**Listed entries:**
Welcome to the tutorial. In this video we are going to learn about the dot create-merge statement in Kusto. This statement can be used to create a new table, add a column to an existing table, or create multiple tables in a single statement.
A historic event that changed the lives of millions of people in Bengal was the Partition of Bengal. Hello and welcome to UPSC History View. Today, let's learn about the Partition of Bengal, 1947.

--

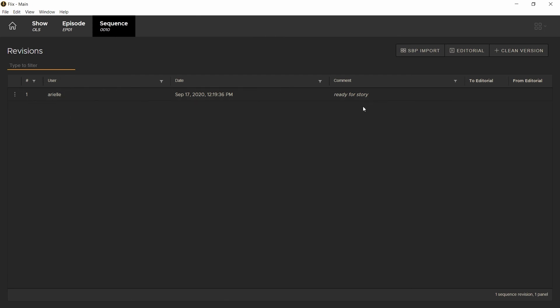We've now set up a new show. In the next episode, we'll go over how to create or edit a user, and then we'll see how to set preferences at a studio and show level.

* * *

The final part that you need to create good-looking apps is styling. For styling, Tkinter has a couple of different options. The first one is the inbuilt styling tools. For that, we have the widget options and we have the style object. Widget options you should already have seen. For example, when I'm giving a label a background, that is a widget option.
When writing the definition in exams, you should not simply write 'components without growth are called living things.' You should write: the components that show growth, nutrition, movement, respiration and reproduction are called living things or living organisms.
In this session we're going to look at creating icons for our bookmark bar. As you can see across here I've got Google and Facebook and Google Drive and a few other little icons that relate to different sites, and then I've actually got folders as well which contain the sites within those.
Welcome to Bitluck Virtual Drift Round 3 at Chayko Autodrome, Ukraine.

**Task to complete:** Restate word for word only the lines above from the line containing "The final part" to the line containing "Welcome to Bitluck", both of them included.

**Your response:**
The final part that you need to create good-looking apps is styling. For styling, Tkinter has a couple of different options. The first one is the inbuilt styling tools. For that, we have the widget options and we have the style object. Widget options you should already have seen. For example, when I'm giving a label a background, that is a widget option.
When writing the definition in exams, you should not simply write 'components without growth are called living things.' You should write: the components that show growth, nutrition, movement, respiration and reproduction are called living things or living organisms.
In this session we're going to look at creating icons for our bookmark bar. As you can see across here I've got Google and Facebook and Google Drive and a few other little icons that relate to different sites, and then I've actually got folders as well which contain the sites within those.
Welcome to Bitluck Virtual Drift Round 3 at Chayko Autodrome, Ukraine.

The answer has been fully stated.